## YOUR OBJECTIVE:
Produce a faithful copy of the data, one that leaves out the pictures.

## DATASET SECTION:
------------------------------------------------
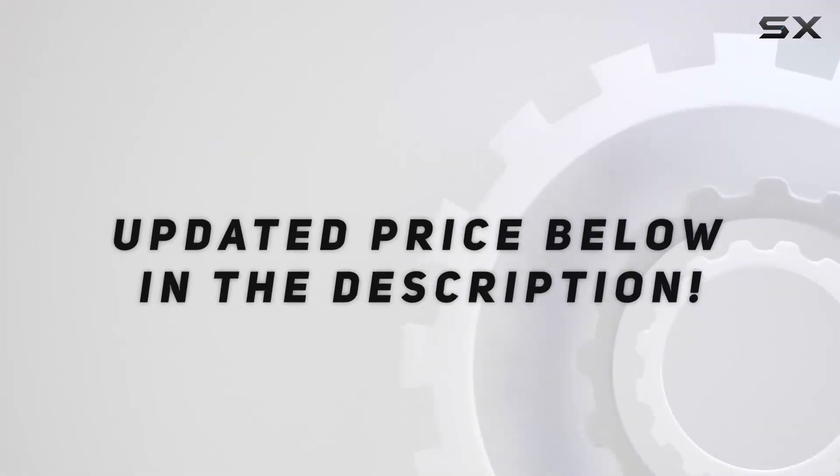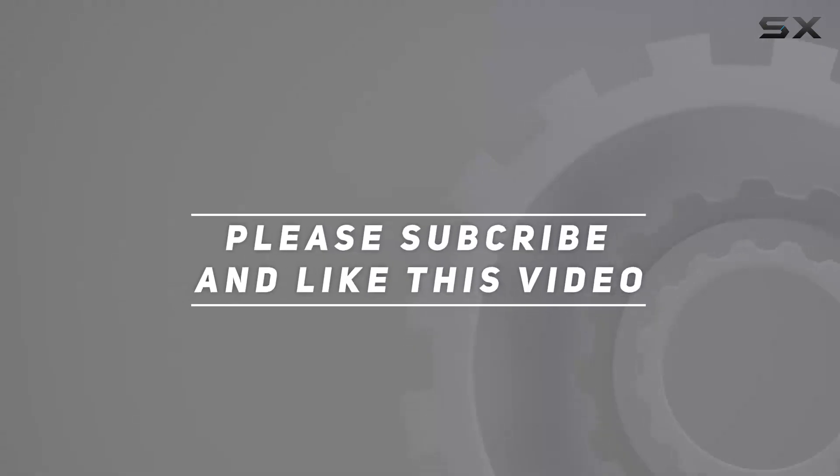Check out the video description for an updated price. And thank you for watching this video.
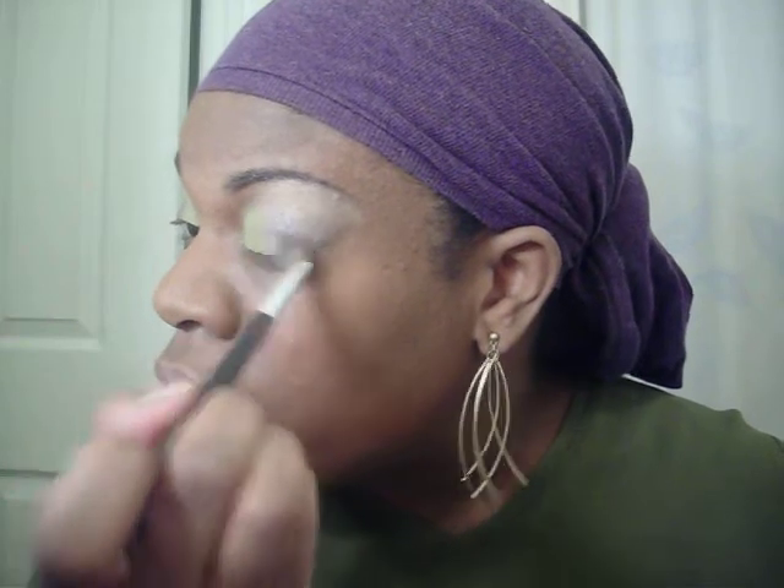I get my brushes from Target. It's not a Target brand — it's called Studio Something. It's in clear packaging with a blue background and they're cheap. This was probably like $2.99 and I've had this brush forever. Just gotta wash them and you're good.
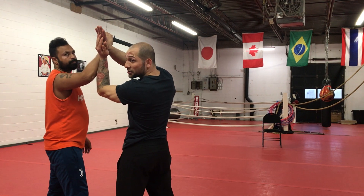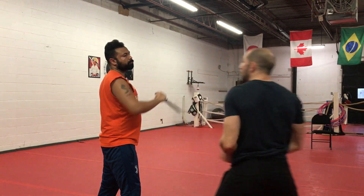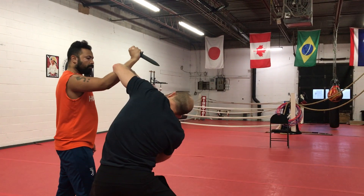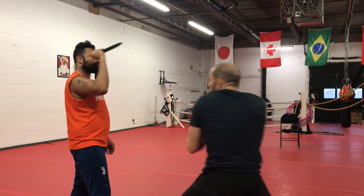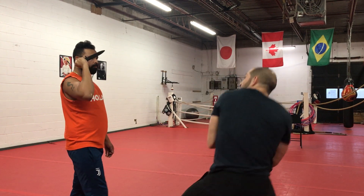You can use both hands. There are variations — you can go one hand, like that, or you can go two hands, like that. But remember, you're stepping towards the outside too.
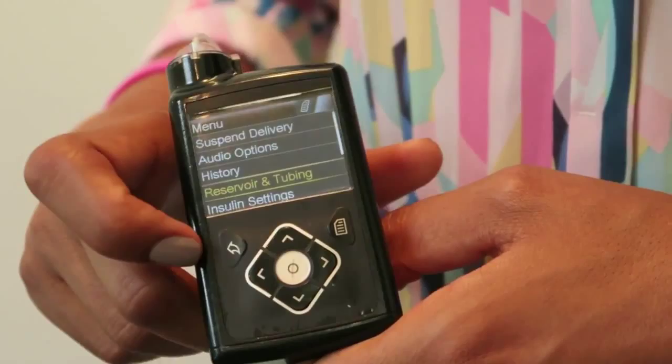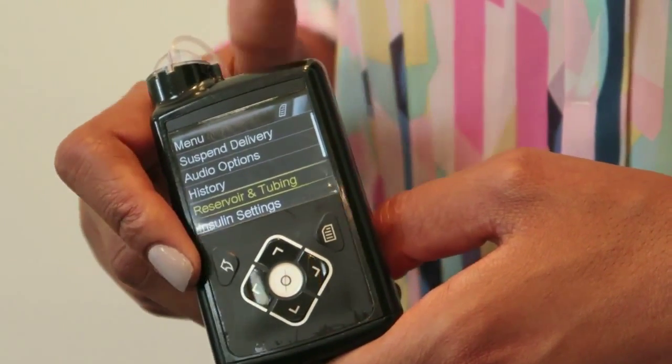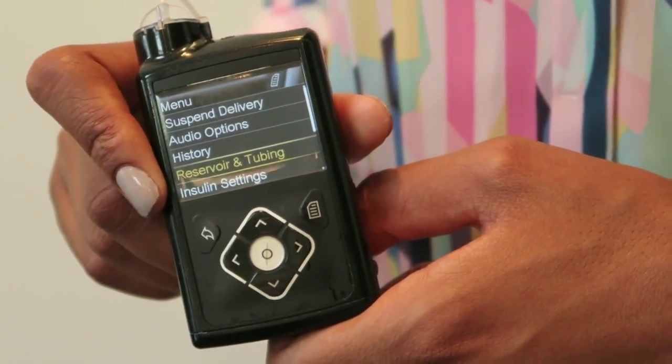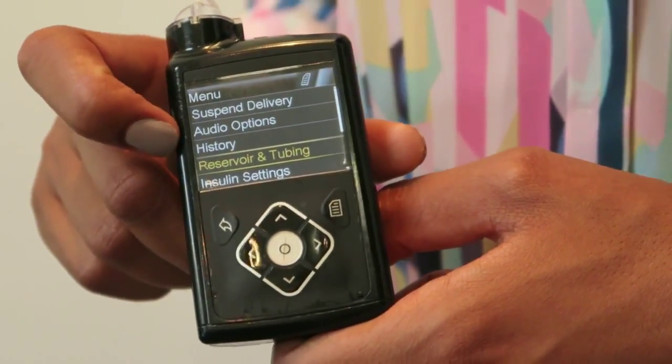We've then got the reservoir and tubing option. The reservoir is the part of the pump up here which holds the insulin that delivers through the tubing. So if you need to change those or top them up because your insulin has run out, that's the option that you need.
------------------------------------------------
## SOLVED PROBLEM:
Check out the video description for an updated price. And thank you for watching this video.
I get my brushes from Target. It's not a Target brand — it's called Studio Something. It's in clear packaging with a blue background and they're cheap. This was probably like $2.99 and I've had this brush forever. Just gotta wash them and you're good.
You can use both hands. There are variations — you can go one hand, like that, or you can go two hands, like that. But remember, you're stepping towards the outside too.
We've then got the reservoir and tubing option. The reservoir is the part of the pump up here which holds the insulin that delivers through the tubing. So if you need to change those or top them up because your insulin has run out, that's the option that you need.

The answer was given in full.